According to the legislation, an H-2c guest worker visa would be valid for a period of three years with the ability to extend it for an additional three. After accumulated four years of temporary status a worker would be allowed to petition for permanent status. What would prevent unscrupulous employers from terminating employees after the three-year period, before they were eligible to self-petition? Given the fact that a worker would have only 60 days to find new employment before their H-2c status was revoked it is quite possible that these workers would be forced to leave the program, and the country. Additionally, new employers might be hesitant to hire workers whose visa extensions were pending and prefer workers who had not already completed half of their visa term.

This is only one possible scenario of many that demonstrate the problems of any worker program that is temporary in nature.

What about the US citizen children born of H-2 visa holders? What is their status? Must they be returned to their parent's country of origin at the end of the six-year visa period?

Ms. Munoz rightfully points out that specific details can be worked on and hopefully changed through lobbying efforts. Yet what cannot be changed is the whole concept behind the program.

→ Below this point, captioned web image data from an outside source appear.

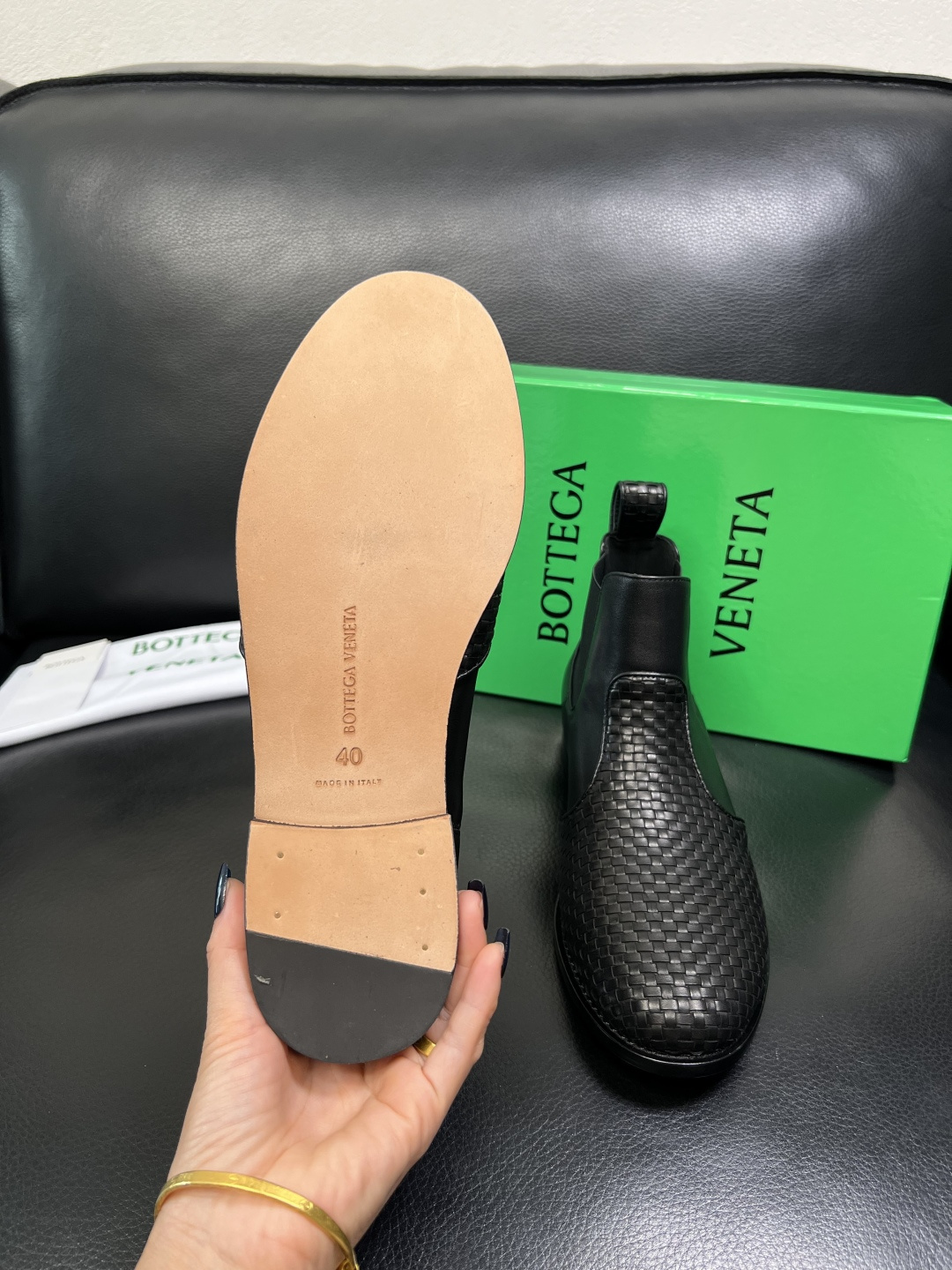 BOTTEGA VENETA 高品质 顶级工艺品 葆蝶家 专柜同原厂配置，靴子高帮鞋面意大利进口牛皮面料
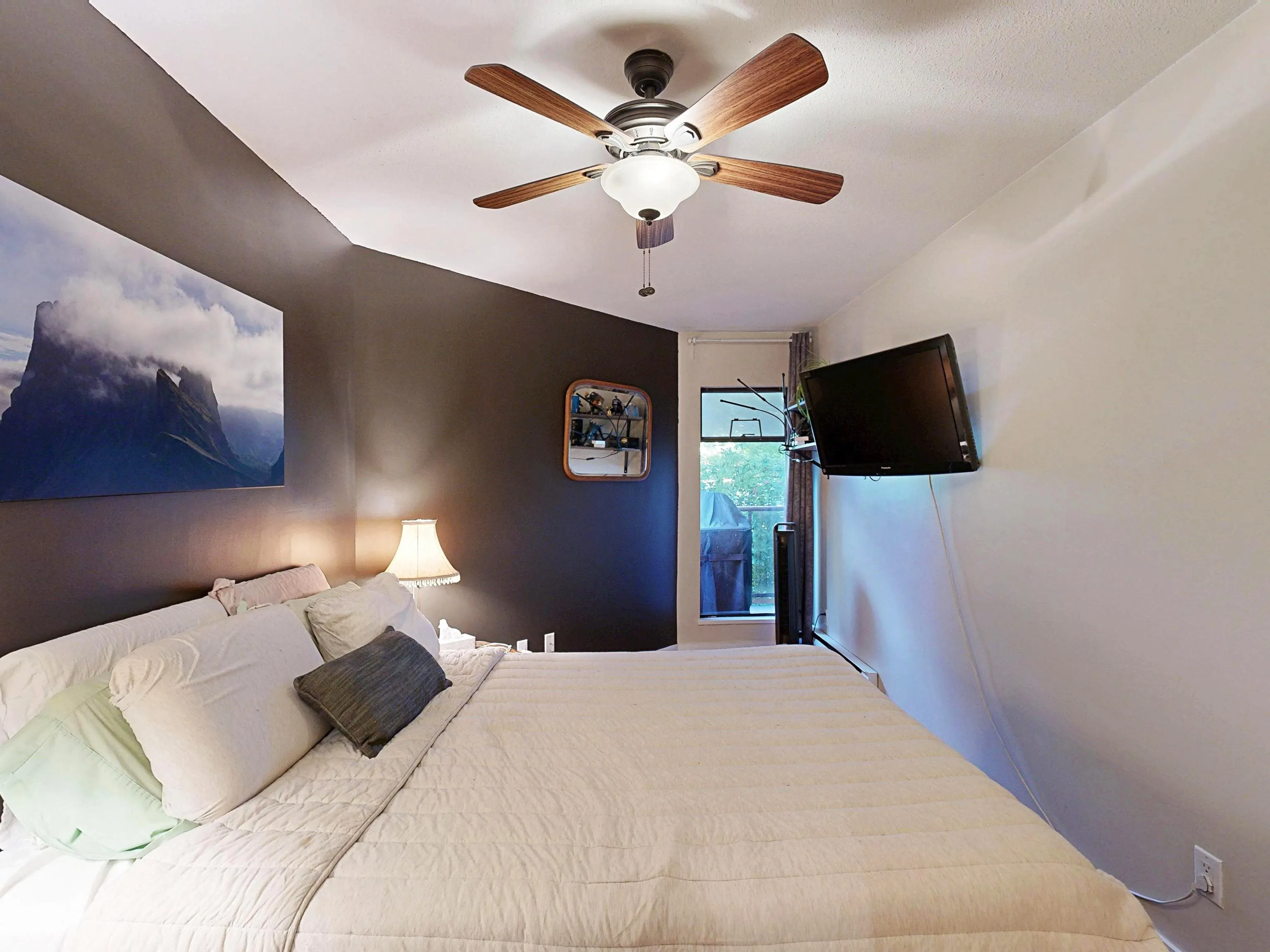 201 2222 Prince Edward Street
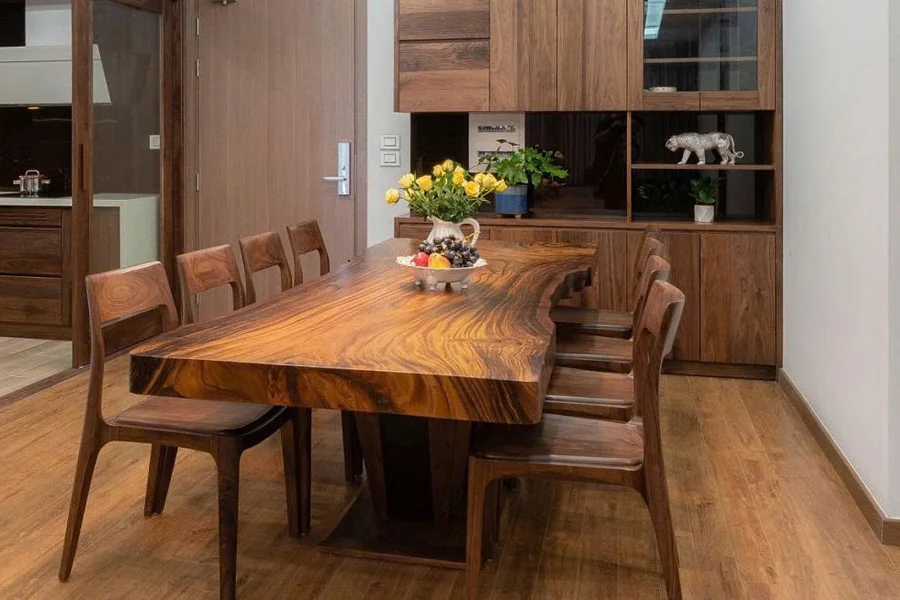 ưu điểm của b&agrave;n ăn gỗ &oacute;c ch&oacute; nguy&ecirc;n tấm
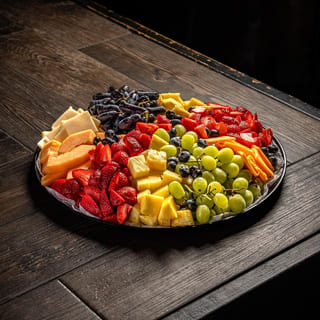 Fruit & Cheese Tray    (GF) (V)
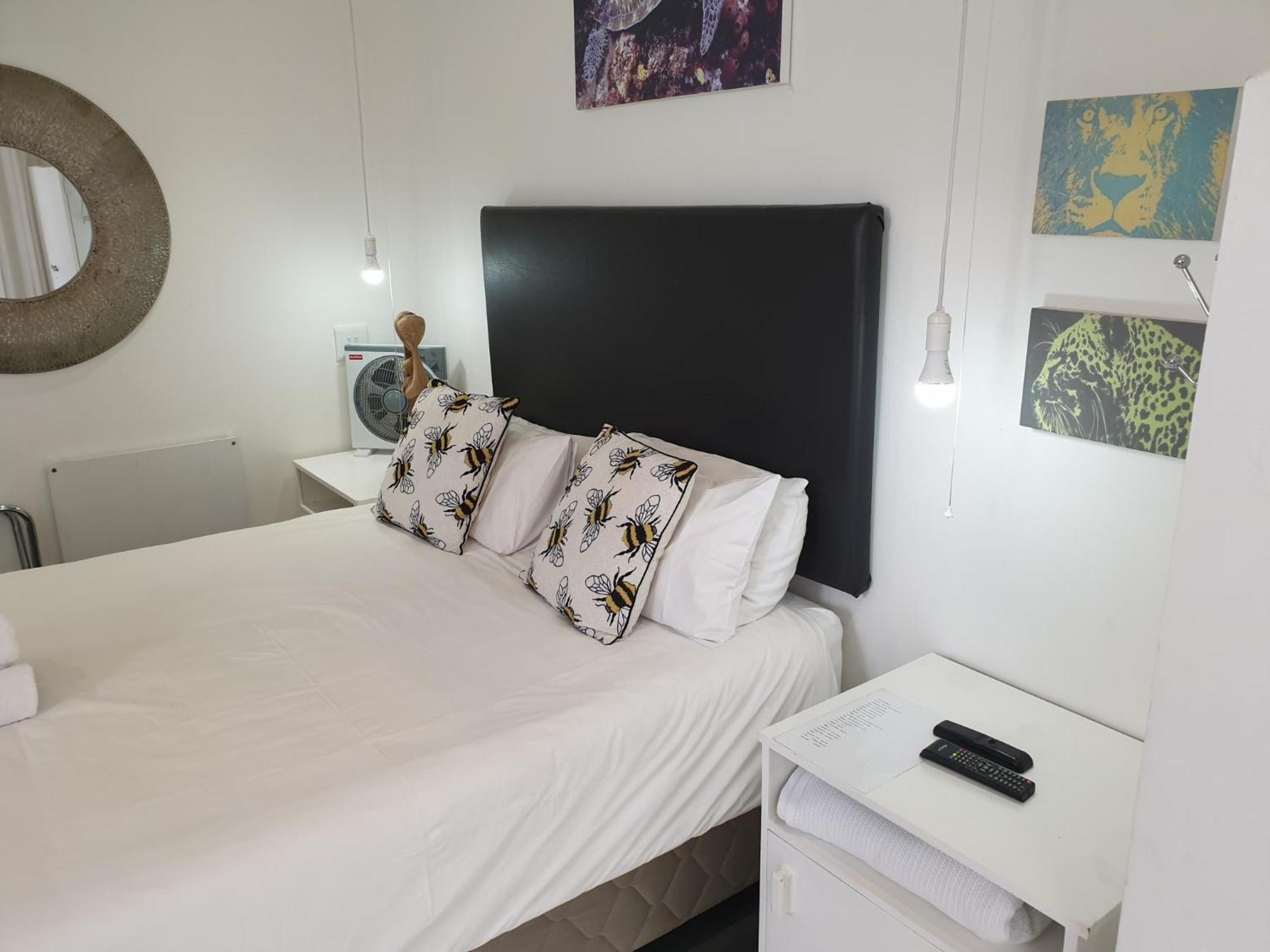 4 On Highworth Apartments And Studios Kapstaden Exteriör bild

Outside of some specific instances, such as seasonal agricultural work, why would the government need to place arbitrary restrictions on the time immigrant workers were allowed to stay in the country. If the job market dictates that certain positions need to be filled with immigrant labor, are we to believe that those positions will no longer be available at the end of three or six years? That would have to be the case in order for any temporary program implemented to be logical. If the positions were to still exist, there would be no reason to send workers home.

Obviously, certain special interest favor a guest worker program because it has the potential to prevent workers from accumulating enough time on the job to get substantial pay increases, qualify for certain benefits, or organize effectively in unions. But we should not be so quick to capitulate to them in the name of political expediency.

Before signing on to support any temporary program, we should be looking at how best to allow those who wish to come here permanently do so. How we are to determine the levels of immigration going forward and how many workers are needed are questions that need to be addressed, but they should be looked at with an eye towards permanency.

Those who wish to come for short periods should of course be allowed to. Studies show that recent enforcement efforts have in fact prevented large numbers of people who in the past would have returned home after a brief period of work, from doing so. Accommodations for such individuals must be made in any reform legislation. But for the vast majority, the key to any comprehensive plan should be to allow needed workers to enter the country legally and permanently.

1 comment:

tim said...

See Richard Vogel in Monthly Review recently who writes:
http://www.monthlyreview.org/0107vogel.htm
Not the least of the political considerations is the fact that the initiative to adopt a national guest worker program is the latest battle in the campaign against organized labor that was launched in the 1980s. While the offshoring of manufacturing jobs and the flood of anti-union legislation have devastated traditional unions, the prospect of having millions of workers trapped in transient servitude in the United States threatens to nullify current labor movements throughout the Americas.

Despite the clamor in Congress from both conservatives and liberals for a national guest worker program, it is a reactionary policy with dire economic, social, and political ramifications. The working people of the United States must respond to the pending program of transient servitude with the same answer we have given to all forms of human servitude in the past—a resounding NO!

We are facing the fight of our lives.